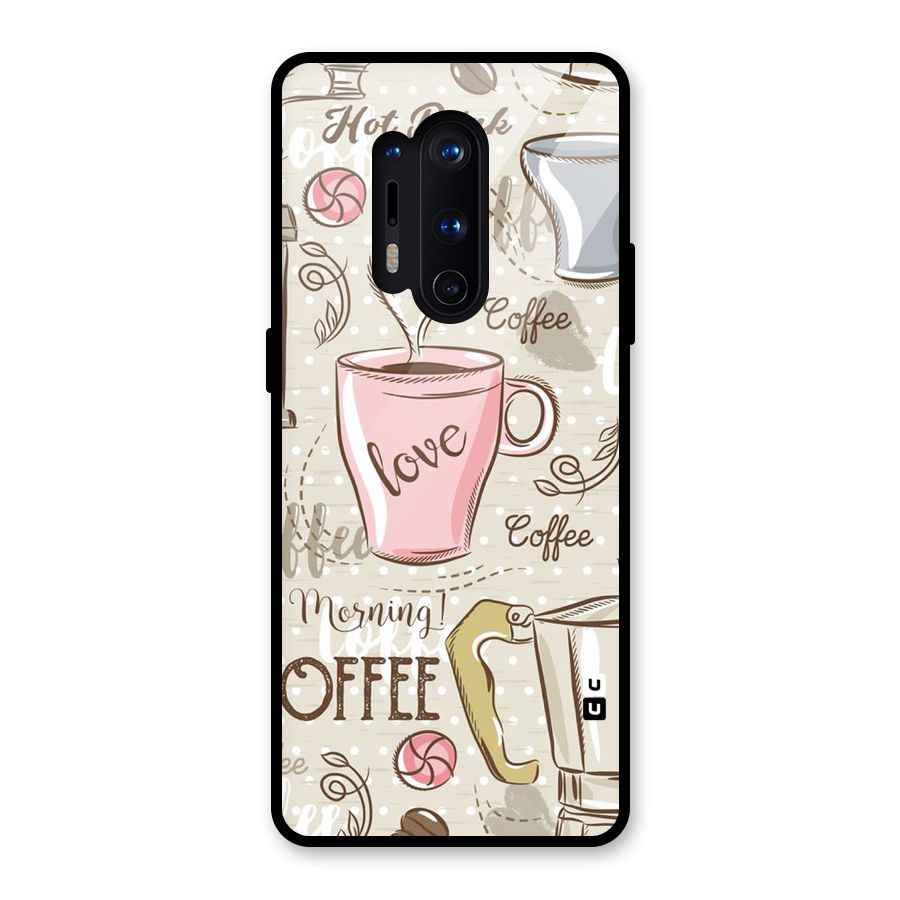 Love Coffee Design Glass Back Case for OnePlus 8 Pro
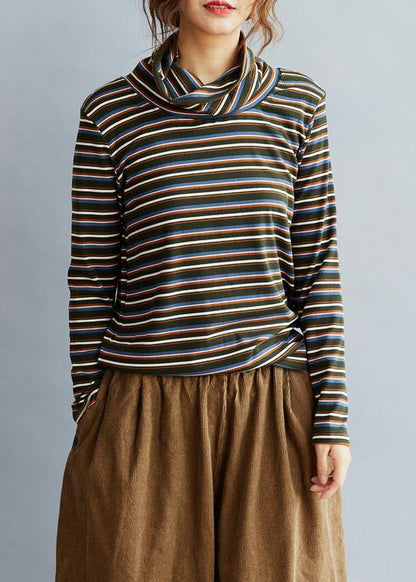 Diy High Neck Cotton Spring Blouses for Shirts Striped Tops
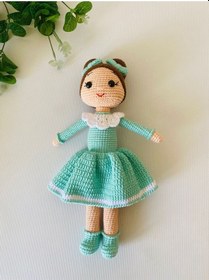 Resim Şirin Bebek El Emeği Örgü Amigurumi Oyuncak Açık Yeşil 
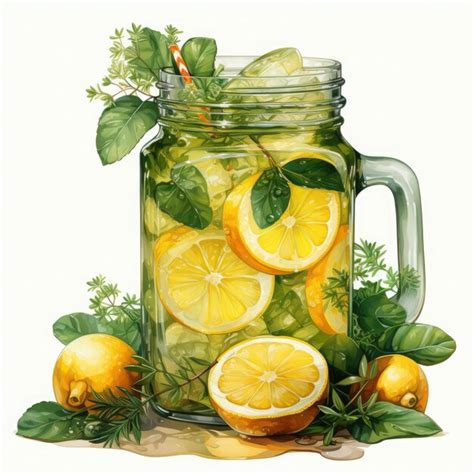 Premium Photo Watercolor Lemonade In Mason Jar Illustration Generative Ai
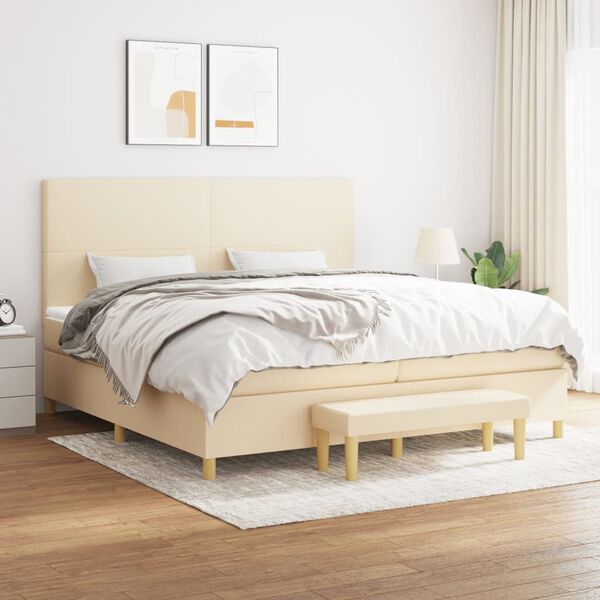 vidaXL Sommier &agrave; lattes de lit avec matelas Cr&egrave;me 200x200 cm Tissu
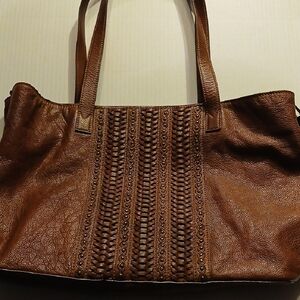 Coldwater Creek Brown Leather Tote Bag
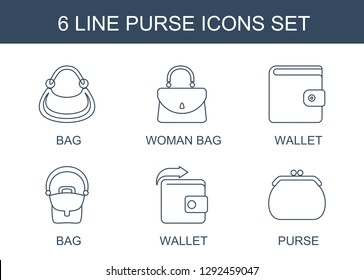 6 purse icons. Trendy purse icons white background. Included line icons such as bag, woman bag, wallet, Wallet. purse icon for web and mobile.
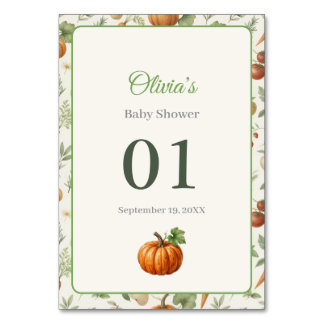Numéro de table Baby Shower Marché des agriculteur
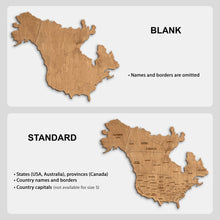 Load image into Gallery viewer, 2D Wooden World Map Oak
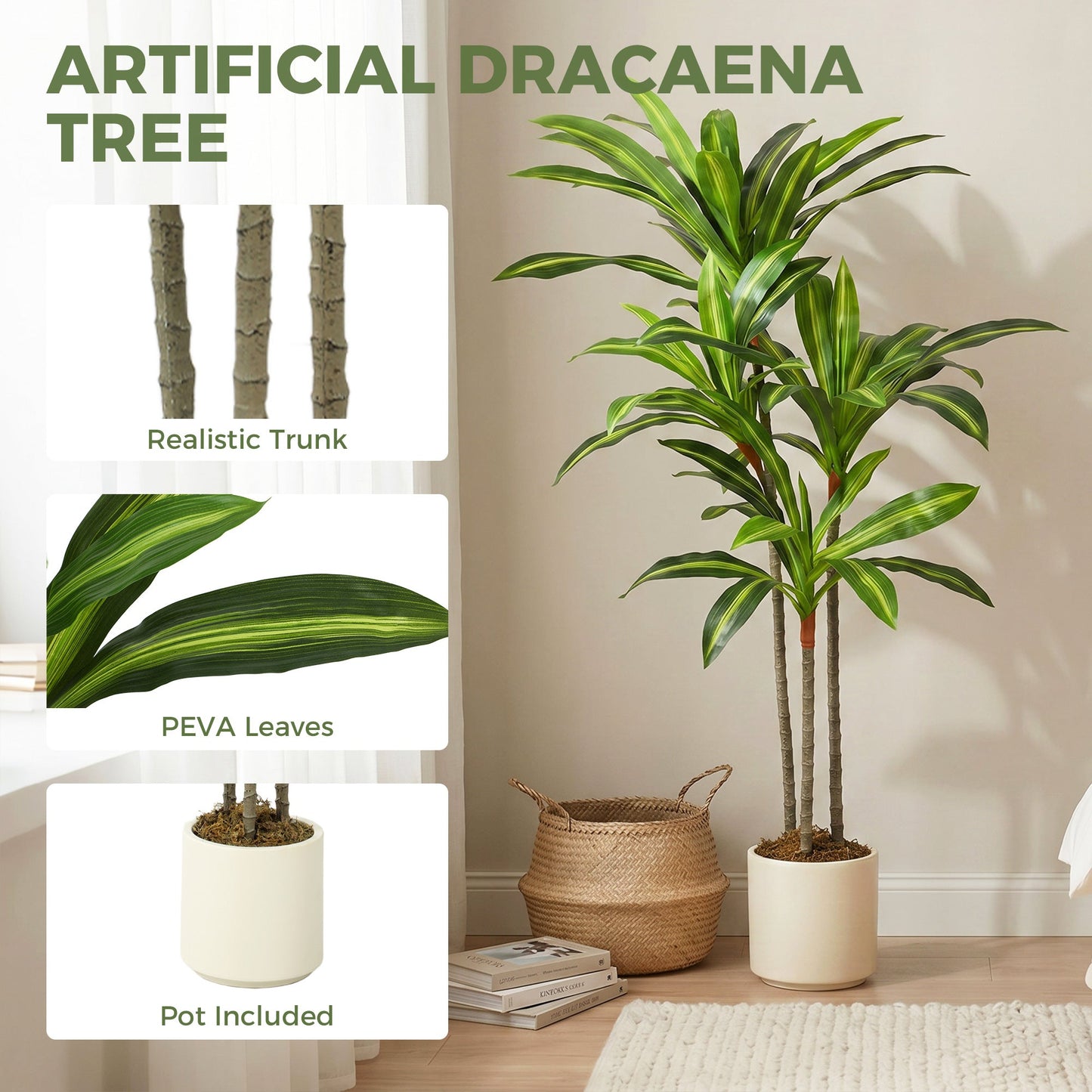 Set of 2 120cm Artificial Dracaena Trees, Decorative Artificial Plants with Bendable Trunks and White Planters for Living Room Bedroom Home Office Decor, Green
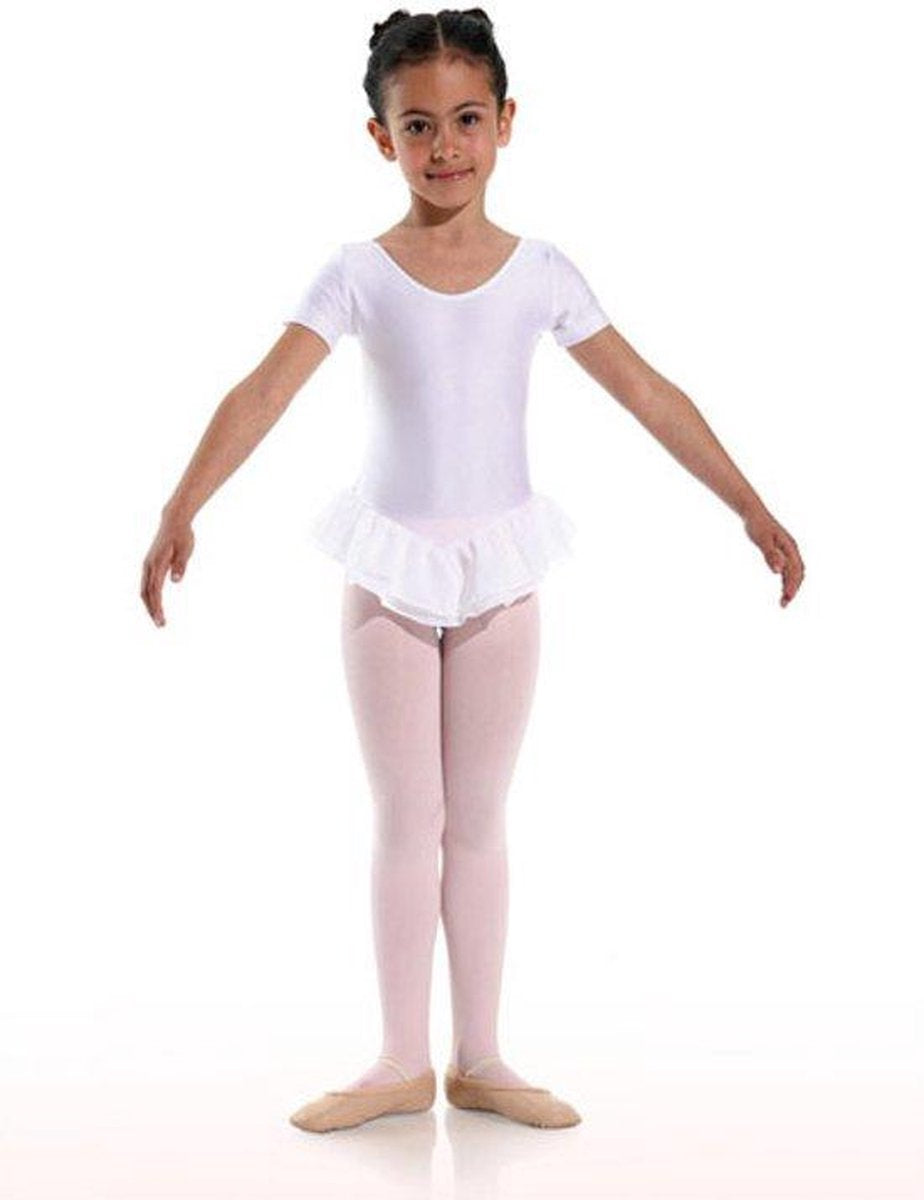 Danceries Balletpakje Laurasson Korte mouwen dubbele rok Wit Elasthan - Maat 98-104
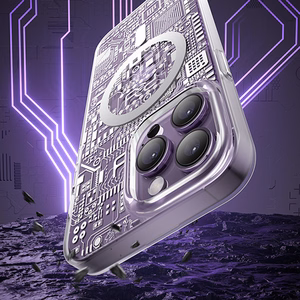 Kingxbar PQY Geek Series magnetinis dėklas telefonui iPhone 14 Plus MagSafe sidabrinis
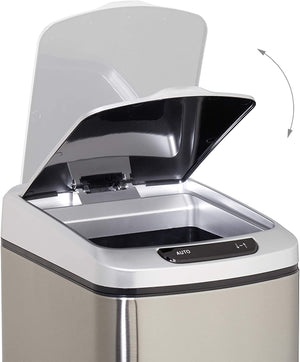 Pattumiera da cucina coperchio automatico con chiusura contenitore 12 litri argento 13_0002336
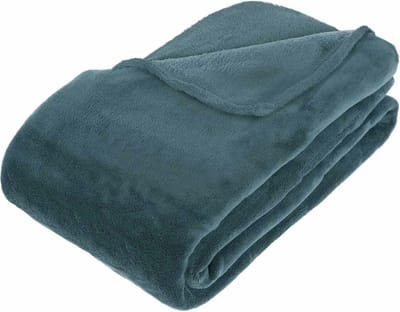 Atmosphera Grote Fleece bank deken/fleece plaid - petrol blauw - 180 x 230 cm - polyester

TASK ITEM:
Instruction for this listing: copy it exactly, but leave the images behind.

RESPONSE BELOW:
 Love Coffee Design Glass Back Case for OnePlus 8 Pro
 Diy High Neck Cotton Spring Blouses for Shirts Striped Tops
 Resim Şirin Bebek El Emeği Örgü Amigurumi Oyuncak Açık Yeşil 
 Premium Photo Watercolor Lemonade In Mason Jar Illustration Generative Ai
 vidaXL Sommier &agrave; lattes de lit avec matelas Cr&egrave;me 200x200 cm Tissu
 Coldwater Creek Brown Leather Tote Bag
 6 purse icons. Trendy purse icons white background. Included line icons such as bag, woman bag, wallet, Wallet. purse icon for web and mobile.
Numéro de table Baby Shower Marché des agriculteur
 Load image into Gallery viewer, 2D Wooden World Map Oak
 Set of 2 120cm Artificial Dracaena Trees, Decorative Artificial Plants with Bendable Trunks and White Planters for Living Room Bedroom Home Office Decor, Green
 Danceries Balletpakje Laurasson Korte mouwen dubbele rok Wit Elasthan - Maat 98-104
 Kingxbar PQY Geek Series magnetinis dėklas telefonui iPhone 14 Plus MagSafe sidabrinis
 Pattumiera da cucina coperchio automatico con chiusura contenitore 12 litri argento 13_0002336
 Atmosphera Grote Fleece bank deken/fleece plaid - petrol blauw - 180 x 230 cm - polyester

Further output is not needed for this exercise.